Fitting a Line¶

In this notebook, we reproduce the classic “Fitting a Model to Data” example from emcee, https://emcee.readthedocs.io/en/latest/tutorials/line/, fitting a line with uncertainties, using both emcee and approxposterior. This notebook demonstrates how approxposterior can be used to perform accurate Bayesian inference of model parameters given data with uncertainties.

[1]:

import numpy as np
import matplotlib.pyplot as plt
import emcee
from scipy.optimize import minimize
import corner
import george

from approxposterior import approx, gpUtils as gpu

Data

First, we generate data according to \(y_i = m * x_i + b + \epsilon_i\) where \(\epsilon_i\) are indepedent, Gaussian errors, for each measurement \(i\). Then we’ll plot the data to see what it looks like, with the grey line being the true, underlying model.

[2]:

# Set seed for reproducibility.
seed = 42
np.random.seed(seed)

# Choose the "true" parameters.
mTrue = -0.9594
bTrue = 4.294

# Generate some synthetic data from the model.
N = 50
x = np.sort(10*np.random.rand(N))
obserr = 0.5 # Amplitude of noise term
obs = mTrue * x + bTrue # True model
obs += obserr * np.random.randn(N) # Add some random noise

# Now plot it to see what the data looks like
fig, ax = plt.subplots(figsize=(8,8))

ax.errorbar(x, obs, yerr=obserr, fmt=".k", capsize=0)
x0 = np.linspace(0, 10, 500)
ax.plot(x0, mTrue*x0+bTrue, "k", alpha=0.3, lw=3)
ax.set_xlim(0, 10)
ax.set_xlabel("x")
ax.set_ylabel("obs");

../_images/notebooks_fittingALine_3_0.png

Inference

Now we want to infer posterior probability distributions for our linear model’s parameters, \(\theta\), i.e slope and intercept, given the data and uncertainties, D, via Bayes’ Theorem: \(p(\theta | D) \propto l(D | \theta)p(\theta)\) where \(l(D|\theta)\) is the likelihood of the data for a given set of model parameters, and \(p(\theta)\) is our assume prior probability of a given \(\theta\). We sample the posterior distribution using the emcee MCMC code. See the emcee example (https://emcee.readthedocs.io/en/latest/tutorials/line/) for more details of this procedure.

[3]:

# Define the loglikelihood function
def logLikelihood(theta, x, obs, obserr):

    # Model parameters
    theta = np.array(theta)
    m, b = theta

    # Model predictions given parameters
    model = m * x + b

    # Likelihood of data given model parameters
    return -0.5*np.sum((obs-model)**2/obserr**2)

[4]:

# Define the logprior function
def logPrior(theta):

    # Model parameters
    theta = np.array(theta)
    m, b = theta

    # Probability of model parameters: flat prior
    if -5.0 < m < 0.5 and 0.0 < b < 10.0:
        return 0.0
    return -np.inf

[5]:

# Define logprobability function: l(D|theta) * p(theta)
# Note: use this for emcee, not approxposterior!
def logProbability(theta, x, obs, obserr):

    lp = logPrior(theta)
    if not np.isfinite(lp):
        return -np.inf
    return lp + logLikelihood(theta, x, obs, obserr)

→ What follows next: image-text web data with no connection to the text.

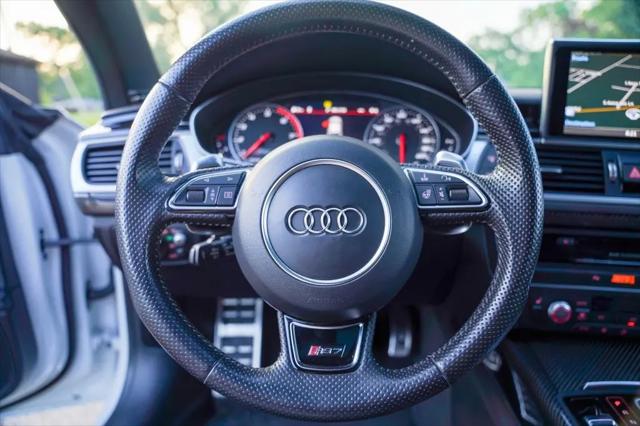 2016 Audi RS 7 4.0T Prestige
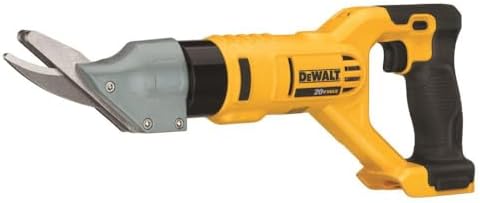 DEWALT DCS498B 20V Max Cordless Fiber Cement Shears (Tool Only)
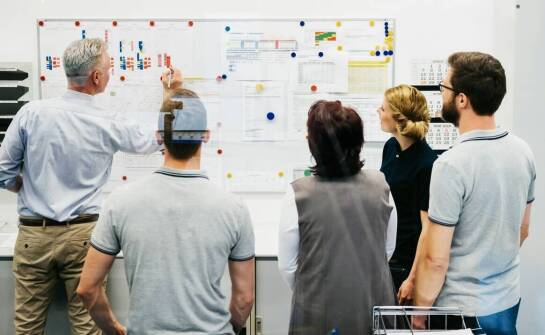 Rola szkoleń BPMN w doskonaleniu umiejętności zarządzania procesami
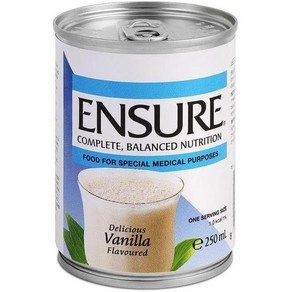 Ensue 인슈어 리퀴드 바닐라 250ml 4개, 1개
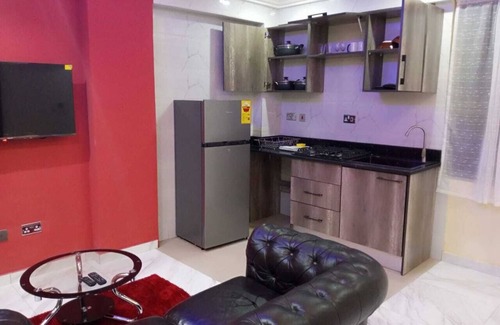 Accra Apartment | Washington Court - Executive One-Bedroom Furnished Apartment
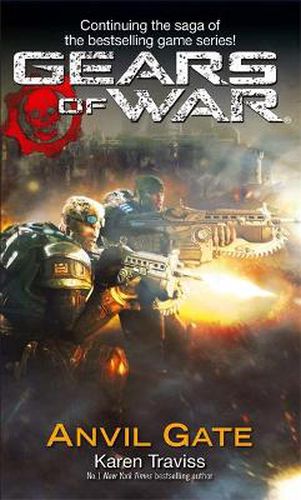 Cover image for Gears Of War: Anvil Gate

Now that we’ve set up the required functions, we initialize our MCMC sampler in emcee, pick an initial state for the walkers, and run the MCMC!

[6]:

# Randomly initialize walkers
p0 = np.random.randn(32, 2)
nwalkers, ndim = p0.shape

# Set up MCMC sample object - give it the logprobability function
sampler = emcee.EnsembleSampler(nwalkers, ndim, logProbability, args=(x, obs, obserr))

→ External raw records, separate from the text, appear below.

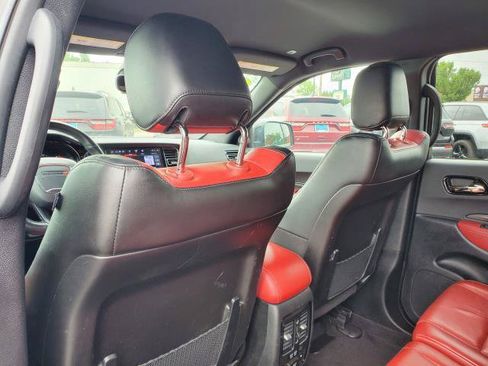 Used 2022 Dodge Durango R/T w/ Blacktop Package AWD/4WD image 26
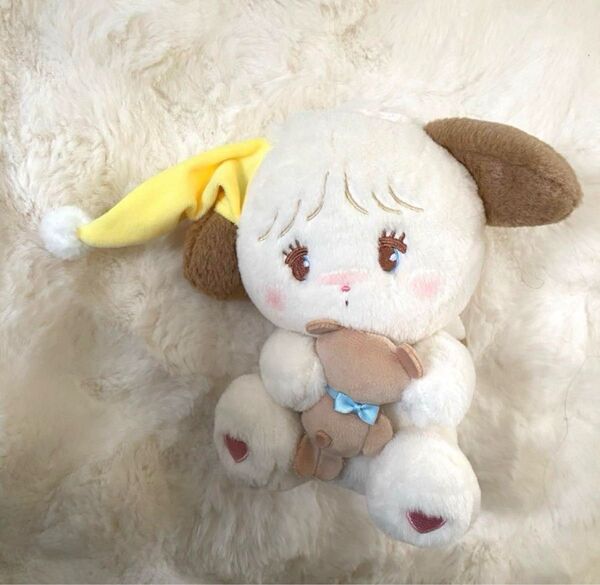 mikko 一番くじ スフレぬいぐるみ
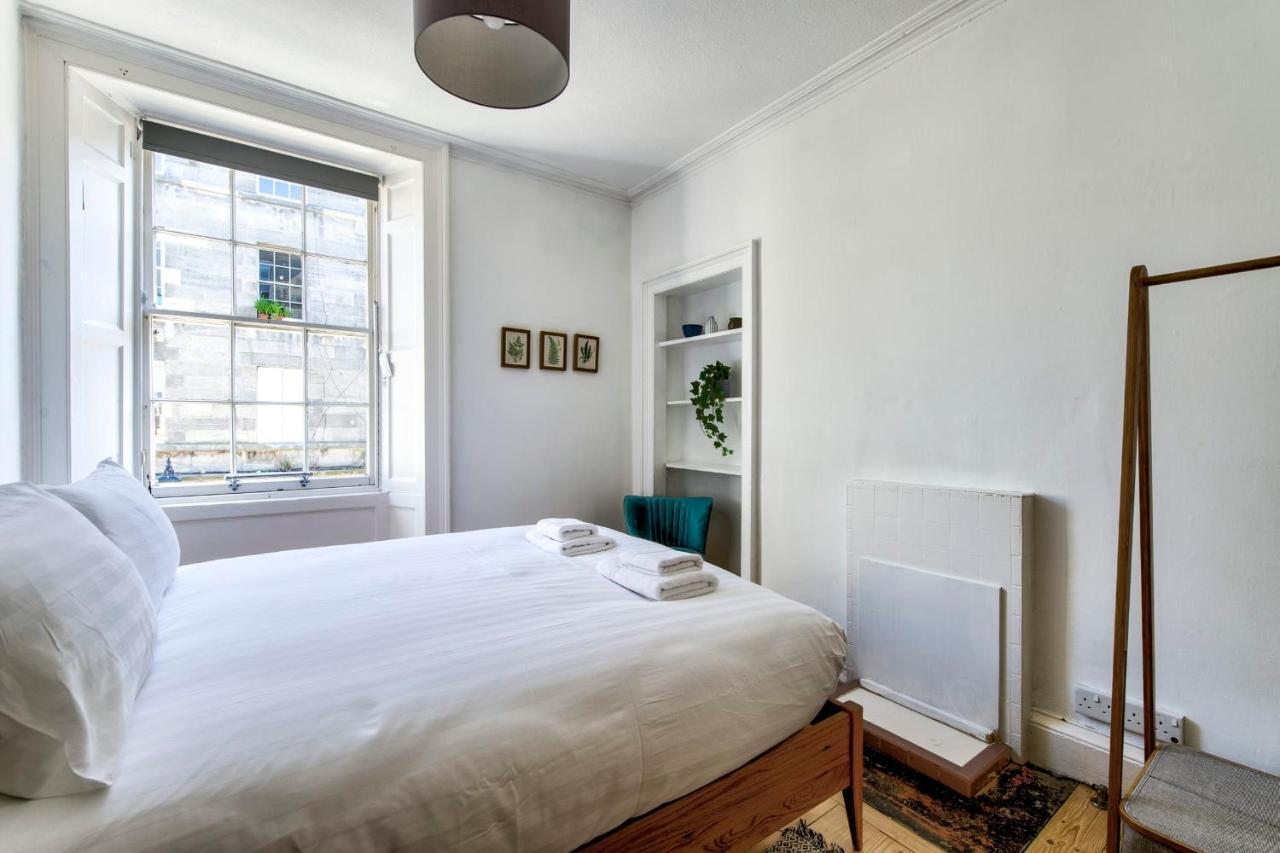 Apartment Guestready - Large & Comfortable 3br Flat In Stockbridge *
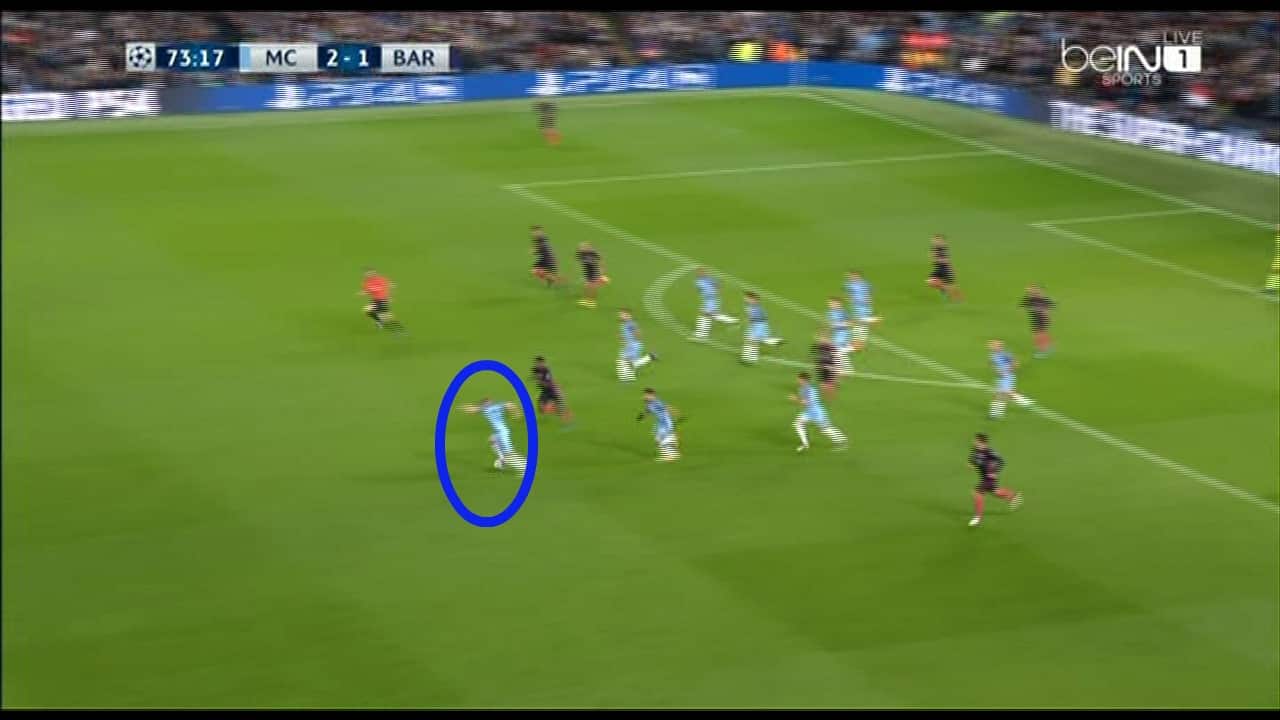 KDB corner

# Run the MCMC for 5000 iteratios
sampler.run_mcmc(p0, 5000);

/opt/anaconda3/lib/python3.7/site-packages/emcee/moves/red_blue.py:99: RuntimeWarning: invalid value encountered in double_scalars
  lnpdiff = f + nlp - state.log_prob[j]

The MCMC is complete, so let’s examine the joint and marginal posterior probability distributions it derived for the model parameters.

[7]:

fig = corner.corner(sampler.flatchain,
                    quantiles=[0.16, 0.5, 0.84],
                    truths=[mTrue, bTrue],
                    labels=["m", "b"], range=([-1.1,-0.8],[3.7, 4.8]),
                    plot_contours=True, show_titles=True);

../_images/notebooks_fittingALine_11_0.png

Looks good!

Inference with ``approxposterior``

Now let’s see if we can derive similar constraints using approxposterior.

First, approxposterior requires a function that samples model parameters from the prior distributions.

[8]:

def sampleFunction(n):
    """
    docs

    Parameters
    ----------
    n : int
        Number of samples

    Returns
    -------
    sample : floats
        n x 3 array of floats samples from the prior
    """

    # Sample model parameters given prior distributions
    m = np.random.uniform(low=-5, high=0.5, size=(n))
    b = np.random.uniform(low=0, high=10, size=(n))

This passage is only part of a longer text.